What to do:
In the answer, every entry must appear exactly as given.

The data:
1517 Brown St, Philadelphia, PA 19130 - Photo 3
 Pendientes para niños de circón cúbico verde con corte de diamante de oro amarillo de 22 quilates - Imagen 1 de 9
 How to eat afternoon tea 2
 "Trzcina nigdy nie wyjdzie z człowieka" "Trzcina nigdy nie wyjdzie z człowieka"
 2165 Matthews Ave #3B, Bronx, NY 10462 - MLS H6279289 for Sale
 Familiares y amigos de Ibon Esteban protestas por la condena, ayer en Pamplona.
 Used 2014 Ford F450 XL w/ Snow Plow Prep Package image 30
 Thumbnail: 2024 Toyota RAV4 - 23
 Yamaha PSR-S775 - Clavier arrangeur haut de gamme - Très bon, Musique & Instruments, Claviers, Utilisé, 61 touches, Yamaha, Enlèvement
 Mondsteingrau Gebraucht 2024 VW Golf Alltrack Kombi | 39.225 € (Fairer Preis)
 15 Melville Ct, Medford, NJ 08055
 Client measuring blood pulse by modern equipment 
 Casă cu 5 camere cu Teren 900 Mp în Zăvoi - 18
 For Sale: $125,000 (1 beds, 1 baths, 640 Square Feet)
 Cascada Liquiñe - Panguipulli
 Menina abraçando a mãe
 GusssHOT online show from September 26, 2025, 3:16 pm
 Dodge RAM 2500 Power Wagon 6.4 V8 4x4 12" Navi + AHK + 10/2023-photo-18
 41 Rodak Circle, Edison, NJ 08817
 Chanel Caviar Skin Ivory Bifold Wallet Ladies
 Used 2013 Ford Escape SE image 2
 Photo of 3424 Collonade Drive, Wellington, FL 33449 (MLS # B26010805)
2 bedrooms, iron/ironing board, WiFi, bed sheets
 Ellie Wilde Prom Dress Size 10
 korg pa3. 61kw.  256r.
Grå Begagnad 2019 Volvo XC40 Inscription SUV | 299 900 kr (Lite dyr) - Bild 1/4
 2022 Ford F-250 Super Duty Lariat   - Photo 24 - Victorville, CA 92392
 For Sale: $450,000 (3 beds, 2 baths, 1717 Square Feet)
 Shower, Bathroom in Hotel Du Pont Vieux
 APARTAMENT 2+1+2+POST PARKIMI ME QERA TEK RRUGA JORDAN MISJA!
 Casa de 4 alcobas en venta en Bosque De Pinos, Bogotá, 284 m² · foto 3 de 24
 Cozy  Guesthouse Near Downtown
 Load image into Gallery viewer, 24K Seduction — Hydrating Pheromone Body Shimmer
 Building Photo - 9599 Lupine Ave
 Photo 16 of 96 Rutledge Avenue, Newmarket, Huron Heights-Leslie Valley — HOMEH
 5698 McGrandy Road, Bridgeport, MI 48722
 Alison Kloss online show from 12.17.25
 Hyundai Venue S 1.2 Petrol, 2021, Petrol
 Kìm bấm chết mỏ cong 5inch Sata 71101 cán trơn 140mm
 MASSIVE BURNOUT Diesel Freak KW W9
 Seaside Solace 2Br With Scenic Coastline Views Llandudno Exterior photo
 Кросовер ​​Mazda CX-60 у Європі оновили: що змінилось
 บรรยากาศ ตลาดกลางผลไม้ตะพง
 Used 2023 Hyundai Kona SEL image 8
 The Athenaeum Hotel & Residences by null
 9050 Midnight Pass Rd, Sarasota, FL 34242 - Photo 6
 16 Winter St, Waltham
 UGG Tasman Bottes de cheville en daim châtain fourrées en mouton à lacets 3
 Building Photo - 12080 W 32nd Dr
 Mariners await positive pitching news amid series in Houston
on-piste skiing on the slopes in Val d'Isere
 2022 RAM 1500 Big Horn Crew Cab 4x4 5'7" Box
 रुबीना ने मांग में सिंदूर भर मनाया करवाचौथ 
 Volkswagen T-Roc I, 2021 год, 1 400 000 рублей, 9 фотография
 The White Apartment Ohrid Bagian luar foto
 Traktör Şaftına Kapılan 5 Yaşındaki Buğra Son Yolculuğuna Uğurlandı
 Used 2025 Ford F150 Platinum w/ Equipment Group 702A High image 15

Answer to this task:
1517 Brown St, Philadelphia, PA 19130 - Photo 3
 Pendientes para niños de circón cúbico verde con corte de diamante de oro amarillo de 22 quilates - Imagen 1 de 9
 How to eat afternoon tea 2
 "Trzcina nigdy nie wyjdzie z człowieka" "Trzcina nigdy nie wyjdzie z człowieka"
 2165 Matthews Ave #3B, Bronx, NY 10462 - MLS H6279289 for Sale
 Familiares y amigos de Ibon Esteban protestas por la condena, ayer en Pamplona.
 Used 2014 Ford F450 XL w/ Snow Plow Prep Package image 30
 Thumbnail: 2024 Toyota RAV4 - 23
 Yamaha PSR-S775 - Clavier arrangeur haut de gamme - Très bon, Musique & Instruments, Claviers, Utilisé, 61 touches, Yamaha, Enlèvement
 Mondsteingrau Gebraucht 2024 VW Golf Alltrack Kombi | 39.225 € (Fairer Preis)
 15 Melville Ct, Medford, NJ 08055
 Client measuring blood pulse by modern equipment 
 Casă cu 5 camere cu Teren 900 Mp în Zăvoi - 18
 For Sale: $125,000 (1 beds, 1 baths, 640 Square Feet)
 Cascada Liquiñe - Panguipulli
 Menina abraçando a mãe
 GusssHOT online show from September 26, 2025, 3:16 pm
 Dodge RAM 2500 Power Wagon 6.4 V8 4x4 12" Navi + AHK + 10/2023-photo-18
 41 Rodak Circle, Edison, NJ 08817
 Chanel Caviar Skin Ivory Bifold Wallet Ladies
 Used 2013 Ford Escape SE image 2
 Photo of 3424 Collonade Drive, Wellington, FL 33449 (MLS # B26010805)
2 bedrooms, iron/ironing board, WiFi, bed sheets
 Ellie Wilde Prom Dress Size 10
 korg pa3. 61kw.  256r.
Grå Begagnad 2019 Volvo XC40 Inscription SUV | 299 900 kr (Lite dyr) - Bild 1/4
 2022 Ford F-250 Super Duty Lariat   - Photo 24 - Victorville, CA 92392
 For Sale: $450,000 (3 beds, 2 baths, 1717 Square Feet)
 Shower, Bathroom in Hotel Du Pont Vieux
 APARTAMENT 2+1+2+POST PARKIMI ME QERA TEK RRUGA JORDAN MISJA!
 Casa de 4 alcobas en venta en Bosque De Pinos, Bogotá, 284 m² · foto 3 de 24
 Cozy  Guesthouse Near Downtown
 Load image into Gallery viewer, 24K Seduction — Hydrating Pheromone Body Shimmer
 Building Photo - 9599 Lupine Ave
 Photo 16 of 96 Rutledge Avenue, Newmarket, Huron Heights-Leslie Valley — HOMEH
 5698 McGrandy Road, Bridgeport, MI 48722
 Alison Kloss online show from 12.17.25
 Hyundai Venue S 1.2 Petrol, 2021, Petrol
 Kìm bấm chết mỏ cong 5inch Sata 71101 cán trơn 140mm
 MASSIVE BURNOUT Diesel Freak KW W9
 Seaside Solace 2Br With Scenic Coastline Views Llandudno Exterior photo
 Кросовер ​​Mazda CX-60 у Європі оновили: що змінилось
 บรรยากาศ ตลาดกลางผลไม้ตะพง
 Used 2023 Hyundai Kona SEL image 8
 The Athenaeum Hotel & Residences by null
 9050 Midnight Pass Rd, Sarasota, FL 34242 - Photo 6
 16 Winter St, Waltham
 UGG Tasman Bottes de cheville en daim châtain fourrées en mouton à lacets 3
 Building Photo - 12080 W 32nd Dr
 Mariners await positive pitching news amid series in Houston
on-piste skiing on the slopes in Val d'Isere
 2022 RAM 1500 Big Horn Crew Cab 4x4 5'7" Box
 रुबीना ने मांग में सिंदूर भर मनाया करवाचौथ 
 Volkswagen T-Roc I, 2021 год, 1 400 000 рублей, 9 фотография
 The White Apartment Ohrid Bagian luar foto
 Traktör Şaftına Kapılan 5 Yaşındaki Buğra Son Yolculuğuna Uğurlandı
 Used 2025 Ford F150 Platinum w/ Equipment Group 702A High image 15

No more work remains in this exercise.